Erdoğan’ın normalleşme siyasetine yüz vermeyeceğini iddia edenlerin yanıldığı ve anlamadıkları husus şudur: Türkiye’nin normalleşmesini sağlayan, bizzat Erdoğan’dır. Vesayetçi sistemi tasfiye edip, reform politikalarıyla Türkiye’ye çağ atlatan bir lidere saygı duyulur. CHP, daha düne kadar; temel hak ve özgürlüklere, inançlara mesafeli, seküler bir partiydi. Eğer bugün CHP helalleşmekten ve Türkiye’nin normalleşmesinden yana bir siyaset tarzını benimsemişse, bunda Ak Parti’nin ve Erdoğan’ın payı vardır. Türkiye’nin değişim ve dönüşümünün parametresi Erdoğan’dır.

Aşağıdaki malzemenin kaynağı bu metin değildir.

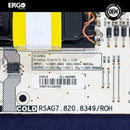 Fuente Compatible con Hisense 58h6500e / Hll-4465wk / Rsag7.820.8349/roh — fotografía 4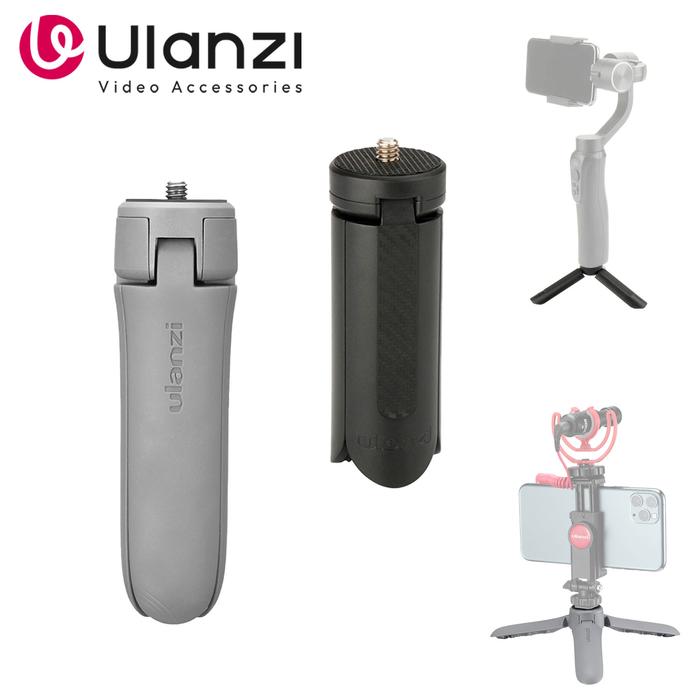 Ulanzi Mini Tripod Stand For Selfie Stick Monopod Stabilizer Stand For For  Zhiyun Smooth Q Smooth Feiyu Dji Osmo Mobile Gimbal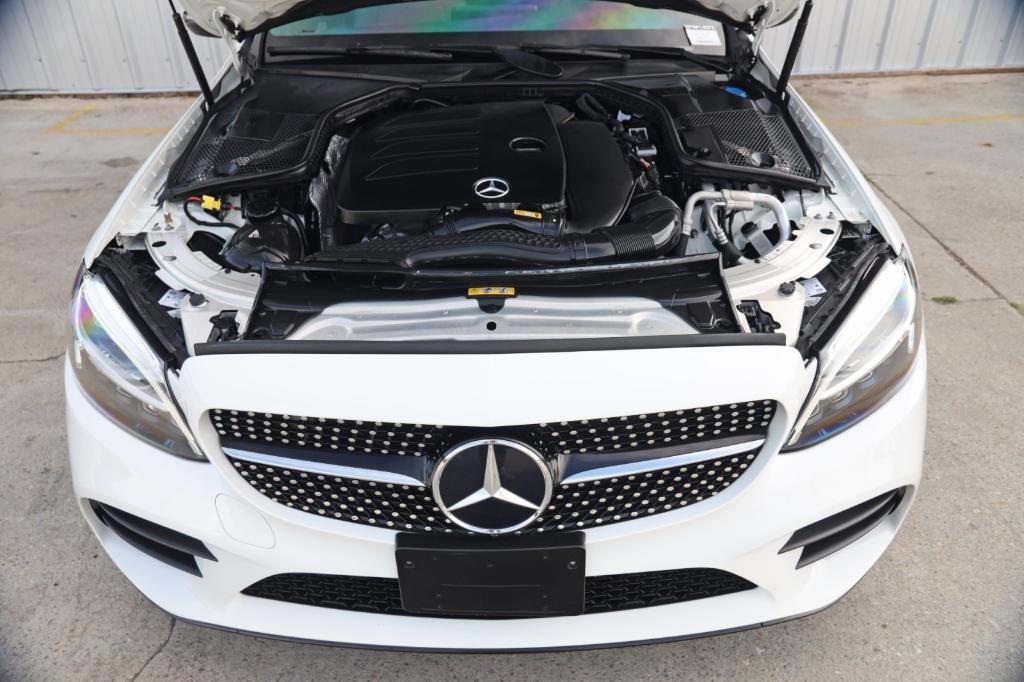 used 2020 Mercedes-Benz C-Class car, priced at $21,000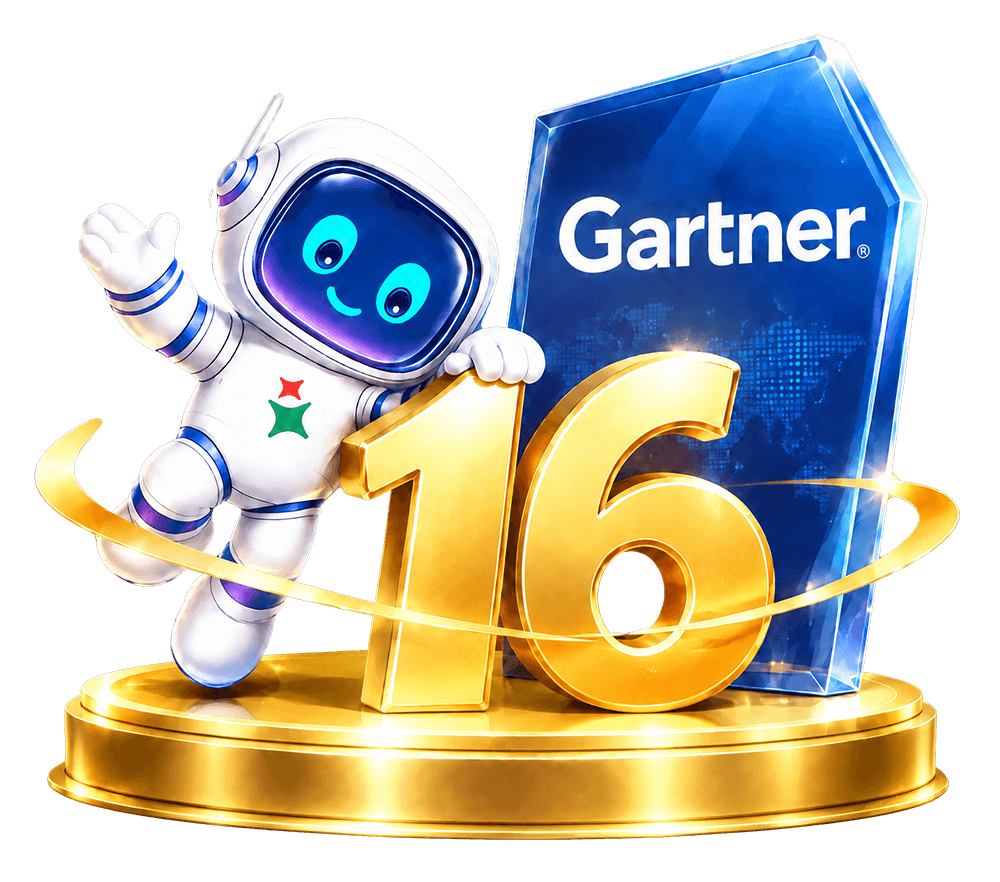 Zoho 荣登2026 年 Gartner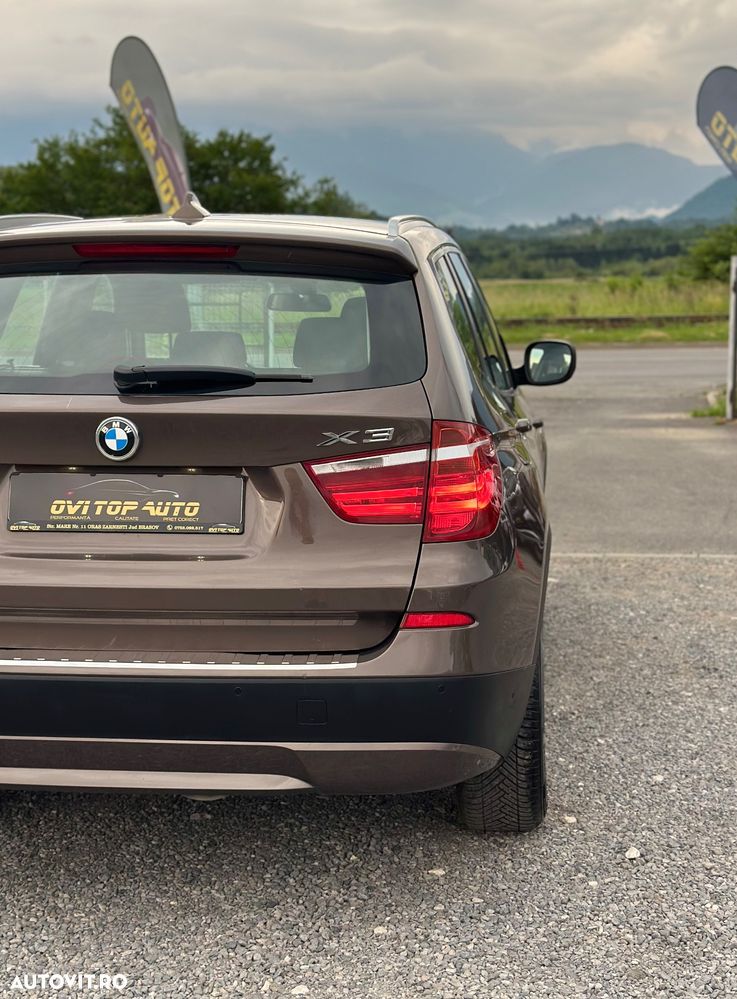 BMW X3 xDrive20d - 26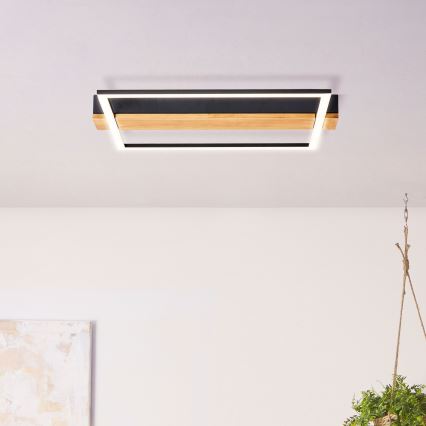Brilliant - Himmennettävä LED-kattovalaisin LONEOS LED/24W/230V 3000K 45x40 cm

Diyalog siyaseti Türkiye’ye çok şey kazandırır. Bu anlamda yeni anayasa görüşmelerinin faydalı olacağı kanaatindeyim. Artık kutuplaştırıcı ve ötekileştirici siyasetin hiç kimseye faydasının olmadığını anlayalım. Bunun ne CHP’ye, ne de AK Parti’ye bir faydası var. Erdoğan ile değil halkla müzakere edilmesini savunanlar, bu halkın seçtiği Erdoğan’ı yok sayamazlar. Yerel seçimde aldığınız kazanımı korumak ve üstüne daha da eklemek istiyorsanız, bunun yolu yine müzakereden geçmektedir. Erdoğan’a bu seçimlerde oy vermeyenler, kesinlikle onun meşruiyetini sorgulamadılar. Yerel siyasette AK Parti’nin kaybetmesinin birçok etkeni var. Ama bu etkenlerden hiçbirisi direkt Erdoğan değildir. Hiç kimse de koşa koşa ve isteyerek CHP’ye gitmedi.
CHP, kendisine verilen krediyi iyi kullanmak istiyorsa, Türkiye’nin normalleşmesinden yana olacak ve ılımlı siyaset takip edecektir. Cumhurbaşkanına saygı çerçevesinde yapılan siyaset, muhalif ana akım Partisi CHP’yi küçültmeyeceği gibi, iktidardan soğuyan seçmen kitlesini de kucaklamaya ve kazanmaya vesile olabilir.
İktidara kim gelirse gelsin, uzun soluklu siyaset, zamanla yerini devletçi kimliğe bırakıyor. Ergene avrat boşamak ne kadar kolaysa, muhalefetteyken sivil siyaseti savunmak da o kadar kolaydır. 22 yıllık bir iktidar sonucunda elbette ki AK Parti içerisinde de ittihatçı bir gelenek oluşmuştur. Muhalefete düşen, bu ittihatçı cepheyi hafife almamaktır.